In this study, another thickness of LFN was investigated, a thickness with the same transmission as the lead shield had. The results showed that the thickness of LFN was 1.2 times higher than that of lead, which still could be used in clinical conditions. This thickness of LFN is equal to the thickness reported by Lipowitz (22). The data of thicknesses are shown in Tables 3 and 4. Many studies have introduced different materials to replace lead and reported the thickness required for shielding. Tajiri et al. reported that the thickness required for shielding by Rad-block (hard plates) was slightly higher than that of lead, and the thickness of X-sheet (flexible shields) was 1.1 times higher than that required by lead (5).
The EBF values of LFN, shown in Tables 3 and 4, appear to be approximately 5% - 7% less than those of lead are. It was shown that electron backscattering and dose enhancement of LFN were less than those of lead were, and it needed a thinner thickness of the absorber to reduce dose enhancement due to electron backscattering.
LFN, a putty metal with 70% W, 18.61% Ni, and 11.39% C could be appropriate for internal shielding. It well fits the internal surfaces of the patient’s body. Moreover, unlike lead shields, it has no toxic material in composition, which reduces environmental pollution. Furthermore, when LFN is used for internal shielding, electron backscattering is less when compared to lead; at the same time, the required thickness of LFN is acceptable clinically.

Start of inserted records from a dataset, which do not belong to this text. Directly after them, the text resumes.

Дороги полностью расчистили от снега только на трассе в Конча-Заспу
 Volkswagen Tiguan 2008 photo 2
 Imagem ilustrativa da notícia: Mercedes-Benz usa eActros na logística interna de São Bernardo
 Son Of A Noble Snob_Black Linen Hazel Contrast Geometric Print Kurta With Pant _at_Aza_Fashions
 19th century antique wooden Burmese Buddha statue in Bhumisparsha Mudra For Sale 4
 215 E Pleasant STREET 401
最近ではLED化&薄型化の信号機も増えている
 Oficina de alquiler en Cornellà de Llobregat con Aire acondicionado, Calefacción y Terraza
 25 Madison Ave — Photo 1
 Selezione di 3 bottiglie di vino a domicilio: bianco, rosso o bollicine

Internal shielding is used to protect underlying tissues in electron therapy. Lead is widely used for internal shielding but it is a toxic environmental pollutant. It is also inflexible and does not well fit the patient’s body. This study investigated a lead-free and flexible material for internal shielding by Monte Carlo study.
Monte Carlo simulation played an important role in this study. The results of this study suggest a specific combination of W (70%), C (11.39%), and Ni (18.61%) for internal shielding in electron therapy. This material is flexible and much safer for the environment and the human body compared to lead. It well fits the internal surfaces of the patient’s body and can be easily customized to arbitrary shapes. Backscattering due to shielding reduces compared to when the lead shield is used and at the same time, it needs a thinner absorber to reduce dose enhancement due to backscattering. From this study, it can be concluded that lead can be replaced by LFN for internal shielding.